EV battery maker cuts deal to use displaced coal miners at West Virginia plant
Charleston, W.Va. — The energy startup SPARKZ said Tuesday it has signed a memorandum of understanding with the nation's largest coal miners' union on a labor-management agreement for its planned electric battery factory in West Virginia.
The company and the United Mine Workers of America will partner to recruit and train dislocated miners to be the factory’s first production workers. In March, the company said it would start construction this year on the plant that will employ at least 350 workers. The factory’s location has yet to be announced.
“SPARKZ is proud to partner with the United Mine Workers of America to help West Virginia workers become part of the new energy economy, while re-engineering the battery supply chain domestically,” SPARKZ founder and CEO Sanjiv Malhotra said in a news release. “This partnership is a symbol of American innovation and American workers literally building our energy future together and fighting to end China’s dominance of advanced batteries.”
West Virginia has lost thousands of jobs in mining and other resource extraction industries in recent years. UMW President Cecil Roberts said the agreement “is a win-win for the laid-off coal miners who will work in this facility, their families and their communities.”

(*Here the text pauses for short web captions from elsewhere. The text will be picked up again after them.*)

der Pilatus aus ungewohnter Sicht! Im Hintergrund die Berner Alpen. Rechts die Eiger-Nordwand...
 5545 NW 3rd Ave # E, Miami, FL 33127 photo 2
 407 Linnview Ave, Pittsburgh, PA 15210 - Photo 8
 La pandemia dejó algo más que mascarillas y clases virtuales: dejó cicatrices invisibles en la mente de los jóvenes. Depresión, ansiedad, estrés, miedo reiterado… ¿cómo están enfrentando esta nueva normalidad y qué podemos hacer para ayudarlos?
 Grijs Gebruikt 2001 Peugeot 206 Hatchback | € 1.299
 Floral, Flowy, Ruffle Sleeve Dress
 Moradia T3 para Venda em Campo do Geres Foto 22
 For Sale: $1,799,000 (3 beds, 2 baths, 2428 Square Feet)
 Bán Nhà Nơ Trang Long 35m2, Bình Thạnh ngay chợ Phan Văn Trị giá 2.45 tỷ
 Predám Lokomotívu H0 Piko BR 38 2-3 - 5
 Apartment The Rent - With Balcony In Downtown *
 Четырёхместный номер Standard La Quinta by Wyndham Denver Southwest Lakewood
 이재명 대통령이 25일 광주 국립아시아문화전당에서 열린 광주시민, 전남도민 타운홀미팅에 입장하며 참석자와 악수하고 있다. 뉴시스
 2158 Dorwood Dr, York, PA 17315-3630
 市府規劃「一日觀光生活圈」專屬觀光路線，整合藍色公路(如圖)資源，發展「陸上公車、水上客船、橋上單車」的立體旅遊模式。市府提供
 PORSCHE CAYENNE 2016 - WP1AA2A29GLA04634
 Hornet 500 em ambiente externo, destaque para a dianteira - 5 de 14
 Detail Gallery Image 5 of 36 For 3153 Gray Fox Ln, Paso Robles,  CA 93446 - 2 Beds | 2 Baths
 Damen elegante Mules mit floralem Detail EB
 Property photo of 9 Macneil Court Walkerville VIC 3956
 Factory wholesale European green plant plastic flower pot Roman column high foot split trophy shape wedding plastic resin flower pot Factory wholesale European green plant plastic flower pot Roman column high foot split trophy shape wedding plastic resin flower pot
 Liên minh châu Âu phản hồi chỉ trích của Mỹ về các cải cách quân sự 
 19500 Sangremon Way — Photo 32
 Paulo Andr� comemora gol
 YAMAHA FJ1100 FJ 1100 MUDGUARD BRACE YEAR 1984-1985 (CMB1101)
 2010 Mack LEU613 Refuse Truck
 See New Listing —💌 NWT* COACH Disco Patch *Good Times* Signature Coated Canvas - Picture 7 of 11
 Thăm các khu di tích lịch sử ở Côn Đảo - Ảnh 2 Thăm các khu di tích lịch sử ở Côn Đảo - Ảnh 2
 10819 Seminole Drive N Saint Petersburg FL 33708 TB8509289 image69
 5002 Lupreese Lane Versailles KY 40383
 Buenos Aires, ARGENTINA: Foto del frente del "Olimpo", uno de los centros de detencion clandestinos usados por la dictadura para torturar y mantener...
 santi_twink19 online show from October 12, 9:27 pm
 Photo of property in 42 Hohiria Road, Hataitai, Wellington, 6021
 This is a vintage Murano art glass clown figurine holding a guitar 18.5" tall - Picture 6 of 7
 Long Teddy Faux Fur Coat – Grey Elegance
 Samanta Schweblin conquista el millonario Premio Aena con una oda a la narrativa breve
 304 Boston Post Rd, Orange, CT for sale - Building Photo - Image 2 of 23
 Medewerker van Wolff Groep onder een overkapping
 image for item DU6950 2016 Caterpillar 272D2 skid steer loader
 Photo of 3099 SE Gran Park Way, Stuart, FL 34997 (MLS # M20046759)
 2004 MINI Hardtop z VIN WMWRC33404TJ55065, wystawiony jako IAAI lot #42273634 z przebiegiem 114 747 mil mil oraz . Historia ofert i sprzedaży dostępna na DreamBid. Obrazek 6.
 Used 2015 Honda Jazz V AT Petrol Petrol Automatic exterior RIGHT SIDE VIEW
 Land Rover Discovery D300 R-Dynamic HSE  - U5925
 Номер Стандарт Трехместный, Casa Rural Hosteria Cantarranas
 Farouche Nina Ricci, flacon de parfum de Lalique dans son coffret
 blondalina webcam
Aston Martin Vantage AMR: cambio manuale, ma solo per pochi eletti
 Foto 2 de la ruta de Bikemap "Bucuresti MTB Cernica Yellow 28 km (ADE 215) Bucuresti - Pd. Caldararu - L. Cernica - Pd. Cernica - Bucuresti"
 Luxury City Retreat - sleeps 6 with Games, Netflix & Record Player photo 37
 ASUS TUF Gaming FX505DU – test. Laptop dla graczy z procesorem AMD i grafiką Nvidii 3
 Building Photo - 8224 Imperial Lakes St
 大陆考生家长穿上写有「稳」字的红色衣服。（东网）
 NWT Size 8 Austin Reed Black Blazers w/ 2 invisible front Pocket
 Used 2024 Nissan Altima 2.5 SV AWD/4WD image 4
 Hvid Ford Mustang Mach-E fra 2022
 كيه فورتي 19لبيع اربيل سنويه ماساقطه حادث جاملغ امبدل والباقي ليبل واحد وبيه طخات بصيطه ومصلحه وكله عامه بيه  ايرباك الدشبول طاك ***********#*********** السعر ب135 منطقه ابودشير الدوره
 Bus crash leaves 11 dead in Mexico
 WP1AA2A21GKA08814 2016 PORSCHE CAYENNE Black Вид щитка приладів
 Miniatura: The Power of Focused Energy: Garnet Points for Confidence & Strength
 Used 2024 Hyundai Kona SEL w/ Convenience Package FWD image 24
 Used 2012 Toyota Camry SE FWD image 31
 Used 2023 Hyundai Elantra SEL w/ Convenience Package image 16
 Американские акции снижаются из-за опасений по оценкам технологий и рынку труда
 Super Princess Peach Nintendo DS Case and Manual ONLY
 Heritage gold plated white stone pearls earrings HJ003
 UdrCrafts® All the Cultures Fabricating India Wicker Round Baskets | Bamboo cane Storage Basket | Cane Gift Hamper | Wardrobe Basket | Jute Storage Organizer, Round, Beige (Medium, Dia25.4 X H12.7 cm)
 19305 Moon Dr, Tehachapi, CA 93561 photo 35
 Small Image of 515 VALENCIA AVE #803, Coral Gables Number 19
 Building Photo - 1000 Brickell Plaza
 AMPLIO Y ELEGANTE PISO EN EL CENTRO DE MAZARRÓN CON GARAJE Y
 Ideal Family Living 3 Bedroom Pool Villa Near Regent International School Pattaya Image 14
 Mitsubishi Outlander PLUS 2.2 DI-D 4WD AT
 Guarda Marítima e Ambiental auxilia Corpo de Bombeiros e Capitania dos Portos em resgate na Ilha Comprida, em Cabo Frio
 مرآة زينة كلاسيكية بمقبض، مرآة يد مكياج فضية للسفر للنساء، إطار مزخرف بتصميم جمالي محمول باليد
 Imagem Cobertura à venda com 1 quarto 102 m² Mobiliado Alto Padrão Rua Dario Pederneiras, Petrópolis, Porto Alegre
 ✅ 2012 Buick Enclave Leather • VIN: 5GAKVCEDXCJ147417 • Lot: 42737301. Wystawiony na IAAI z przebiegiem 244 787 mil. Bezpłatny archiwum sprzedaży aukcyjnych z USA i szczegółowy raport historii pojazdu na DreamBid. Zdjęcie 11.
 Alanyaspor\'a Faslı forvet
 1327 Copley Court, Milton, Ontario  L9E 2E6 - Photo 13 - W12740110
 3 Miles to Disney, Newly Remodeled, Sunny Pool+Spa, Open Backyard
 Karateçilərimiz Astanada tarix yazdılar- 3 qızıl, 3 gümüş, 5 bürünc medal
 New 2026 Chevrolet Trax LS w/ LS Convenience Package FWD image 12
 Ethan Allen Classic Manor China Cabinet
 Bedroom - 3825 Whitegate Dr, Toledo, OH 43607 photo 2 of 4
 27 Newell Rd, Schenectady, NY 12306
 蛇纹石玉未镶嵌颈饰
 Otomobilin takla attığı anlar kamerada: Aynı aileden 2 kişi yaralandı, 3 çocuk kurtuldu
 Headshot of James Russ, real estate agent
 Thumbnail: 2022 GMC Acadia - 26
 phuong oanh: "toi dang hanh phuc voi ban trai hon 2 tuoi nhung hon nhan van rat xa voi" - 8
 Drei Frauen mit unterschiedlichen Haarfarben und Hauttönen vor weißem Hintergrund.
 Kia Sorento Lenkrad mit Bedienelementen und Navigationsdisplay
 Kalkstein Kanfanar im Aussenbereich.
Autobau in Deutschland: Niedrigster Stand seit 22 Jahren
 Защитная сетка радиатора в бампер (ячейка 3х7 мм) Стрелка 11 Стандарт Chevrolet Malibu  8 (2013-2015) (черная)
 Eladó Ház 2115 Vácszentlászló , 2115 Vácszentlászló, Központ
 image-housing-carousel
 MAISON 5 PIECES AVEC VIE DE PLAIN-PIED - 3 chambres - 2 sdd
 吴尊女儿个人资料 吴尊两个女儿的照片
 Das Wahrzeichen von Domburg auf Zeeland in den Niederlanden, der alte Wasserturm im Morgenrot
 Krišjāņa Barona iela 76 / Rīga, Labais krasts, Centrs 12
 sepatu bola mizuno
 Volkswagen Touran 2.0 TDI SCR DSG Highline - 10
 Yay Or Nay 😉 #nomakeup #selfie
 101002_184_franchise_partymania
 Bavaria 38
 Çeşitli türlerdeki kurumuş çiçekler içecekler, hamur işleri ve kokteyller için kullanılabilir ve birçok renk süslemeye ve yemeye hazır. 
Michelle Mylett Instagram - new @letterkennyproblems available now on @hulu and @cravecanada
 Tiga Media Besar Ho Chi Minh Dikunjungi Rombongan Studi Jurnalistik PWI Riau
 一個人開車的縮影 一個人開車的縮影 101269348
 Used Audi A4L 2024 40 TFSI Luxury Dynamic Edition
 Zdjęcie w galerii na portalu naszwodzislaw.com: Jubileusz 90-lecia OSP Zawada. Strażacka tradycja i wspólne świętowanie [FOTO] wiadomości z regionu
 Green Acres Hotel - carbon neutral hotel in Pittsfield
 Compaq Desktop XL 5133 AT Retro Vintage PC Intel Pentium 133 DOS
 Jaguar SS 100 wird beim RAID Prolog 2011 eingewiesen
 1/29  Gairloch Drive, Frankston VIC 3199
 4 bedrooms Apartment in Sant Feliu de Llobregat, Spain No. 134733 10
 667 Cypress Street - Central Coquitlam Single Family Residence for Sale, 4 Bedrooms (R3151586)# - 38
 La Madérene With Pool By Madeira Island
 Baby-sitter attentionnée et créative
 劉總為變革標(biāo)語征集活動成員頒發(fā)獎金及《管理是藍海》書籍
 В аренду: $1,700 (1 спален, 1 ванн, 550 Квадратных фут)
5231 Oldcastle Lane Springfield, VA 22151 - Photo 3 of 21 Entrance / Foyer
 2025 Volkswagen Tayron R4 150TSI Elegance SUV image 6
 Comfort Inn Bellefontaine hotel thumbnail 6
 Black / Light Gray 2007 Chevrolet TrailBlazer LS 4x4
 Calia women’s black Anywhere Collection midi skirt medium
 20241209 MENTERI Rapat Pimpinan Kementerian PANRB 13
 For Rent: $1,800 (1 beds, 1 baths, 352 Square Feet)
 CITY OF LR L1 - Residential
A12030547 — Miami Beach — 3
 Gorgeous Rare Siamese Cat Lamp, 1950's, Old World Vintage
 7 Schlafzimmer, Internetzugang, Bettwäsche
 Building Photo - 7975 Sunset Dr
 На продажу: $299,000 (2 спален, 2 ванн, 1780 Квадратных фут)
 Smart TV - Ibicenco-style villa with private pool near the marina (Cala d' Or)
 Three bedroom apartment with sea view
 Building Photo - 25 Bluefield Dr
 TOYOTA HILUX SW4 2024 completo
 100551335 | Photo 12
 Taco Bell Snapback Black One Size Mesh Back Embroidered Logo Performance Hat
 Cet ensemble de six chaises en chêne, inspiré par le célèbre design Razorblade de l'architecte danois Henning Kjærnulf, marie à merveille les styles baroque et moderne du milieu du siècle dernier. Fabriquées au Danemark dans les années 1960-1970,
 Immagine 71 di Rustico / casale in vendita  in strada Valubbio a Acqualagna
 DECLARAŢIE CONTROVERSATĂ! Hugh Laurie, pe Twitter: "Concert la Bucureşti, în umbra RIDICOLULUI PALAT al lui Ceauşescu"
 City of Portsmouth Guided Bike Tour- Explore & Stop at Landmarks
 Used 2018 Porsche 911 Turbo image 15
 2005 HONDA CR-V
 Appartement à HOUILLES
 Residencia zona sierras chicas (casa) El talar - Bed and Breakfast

Sen. Joe Manchin, a West Virginia Democrat, said the partnership “is proof that there is an important role” for the union in the nation's energy transition.
The factory will produce cobalt-free batteries, an effort to bring down the cost of U.S. lithium-ion battery production. The Democratic Republic of Congo has historically been the top producer of cobalt worldwide, with most mines controlled by Chinese companies.
Earlier this month, U.S. Energy Secretary Jennifer Granholm announced $3.1 billion in funding to U.S. companies that make and recycle lithium-ion batteries.
In the statement, Granholm said her department is "thrilled to support the battery manufacturing industry and labor partners coming together to solve clean energy deployment challenges, like workforce development. Momentum is building as more companies see that partnering with labor is smart business strategy and key to accelerating an equitable clean energy transition.”
SPARKZ, founded in 2019, is in the final stages of site selection, and will be announcing customer partnerships in the coming months. Its first markets will likely be in material-handling vehicles like forklifts, agricultural equipment and energy storage.